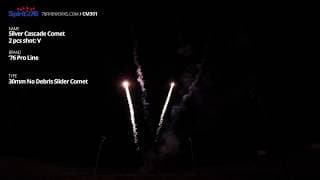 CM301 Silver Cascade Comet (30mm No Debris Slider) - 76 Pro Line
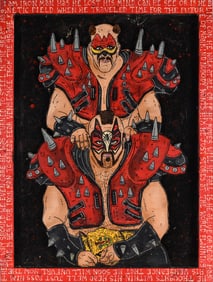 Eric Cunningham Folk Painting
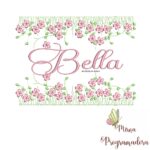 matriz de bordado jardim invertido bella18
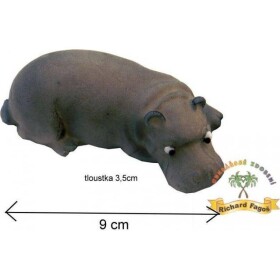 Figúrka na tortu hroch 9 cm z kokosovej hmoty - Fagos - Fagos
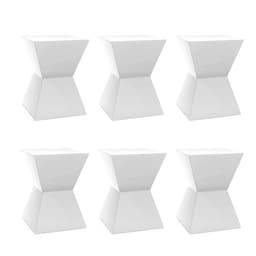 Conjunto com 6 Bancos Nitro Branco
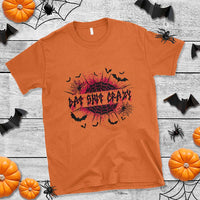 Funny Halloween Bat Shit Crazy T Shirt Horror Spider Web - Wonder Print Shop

----------------

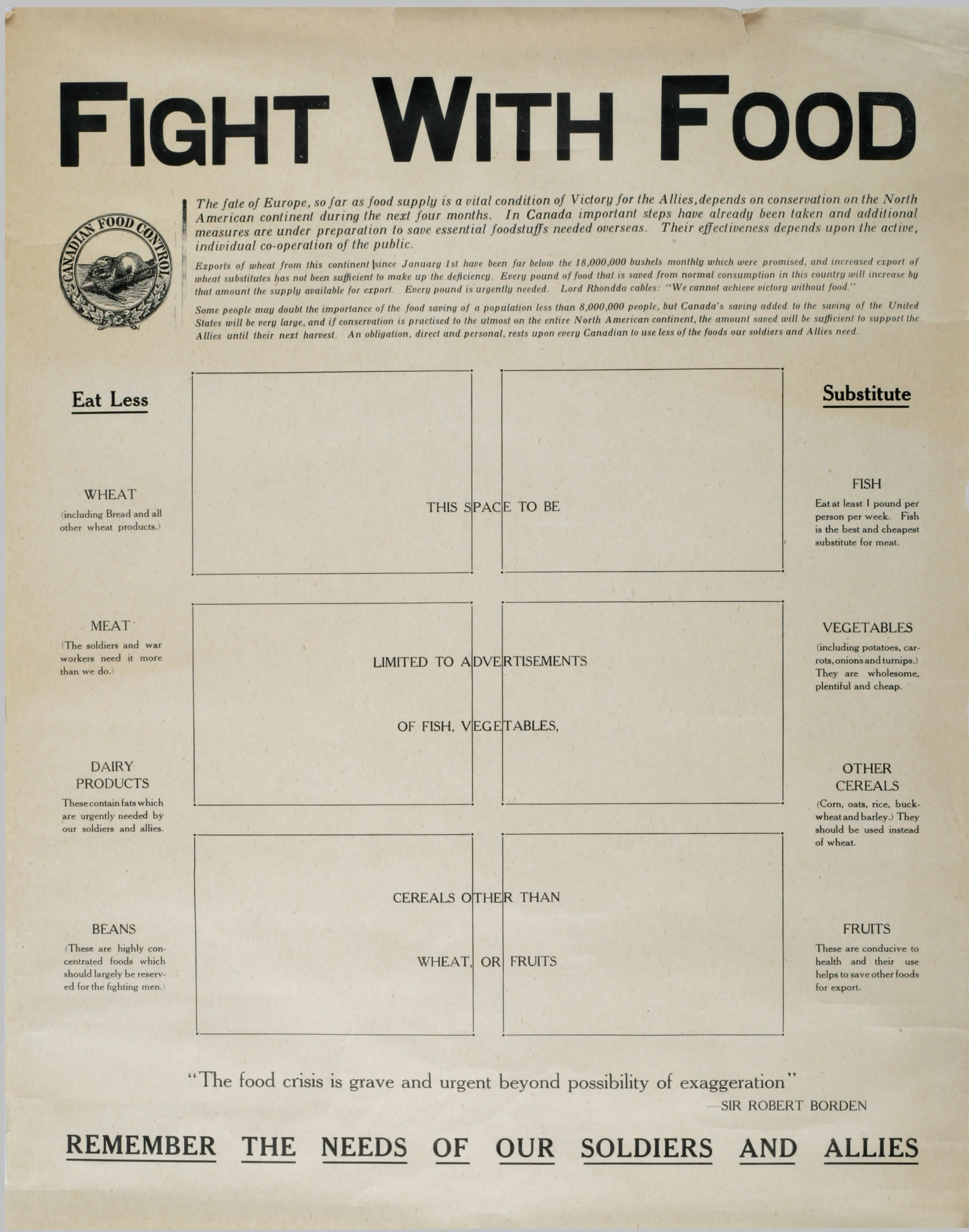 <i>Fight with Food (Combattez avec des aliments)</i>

----------------

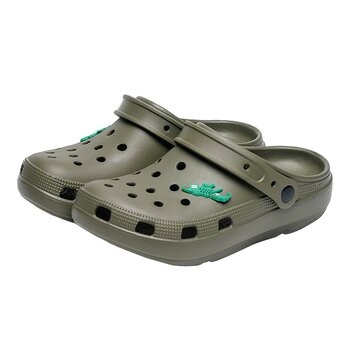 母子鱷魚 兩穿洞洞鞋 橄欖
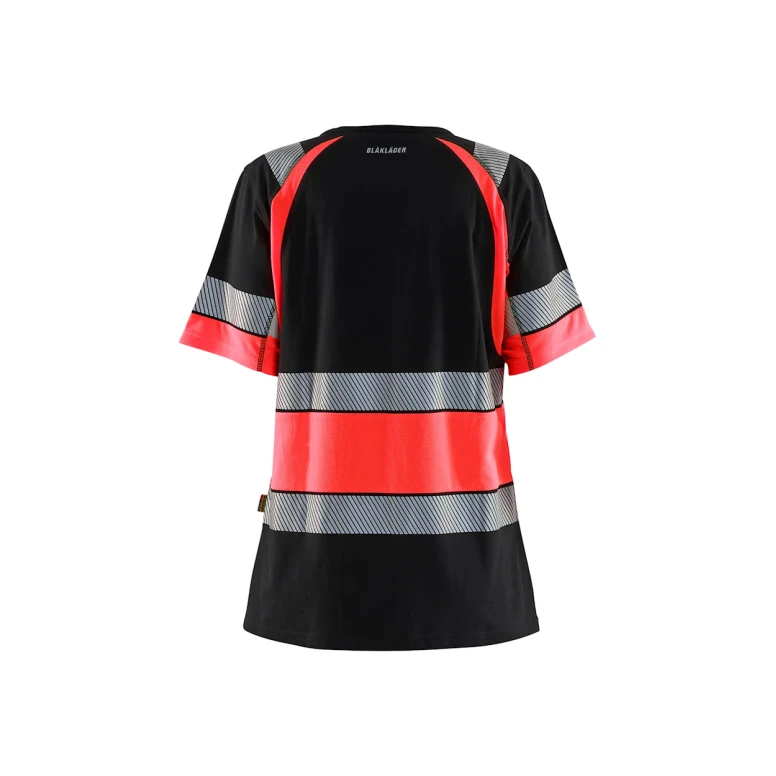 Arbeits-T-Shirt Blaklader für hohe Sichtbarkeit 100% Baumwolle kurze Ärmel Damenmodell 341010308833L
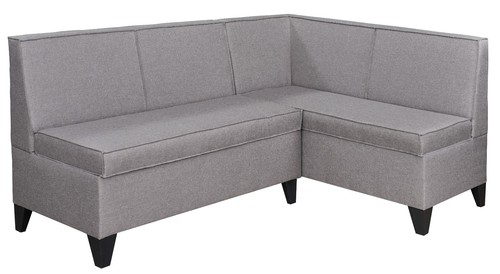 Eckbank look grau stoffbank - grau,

----------------

YOUR OBJECTIVE: Within the entries above, give again exactly the lines starting at the one that contains "CM301 Silver Cascade" and ending at the one that contains "Funny Halloween Bat", leaving out the pictures.

EXERCISE OUTPUT:
 CM301 Silver Cascade Comet (30mm No Debris Slider) - 76 Pro Line
 Eric Cunningham Folk Painting
 matriz de bordado jardim invertido bella18
 Figúrka na tortu hroch 9 cm z kokosovej hmoty - Fagos - Fagos
 Conjunto com 6 Bancos Nitro Branco
 Funny Halloween Bat Shit Crazy T Shirt Horror Spider Web - Wonder Print Shop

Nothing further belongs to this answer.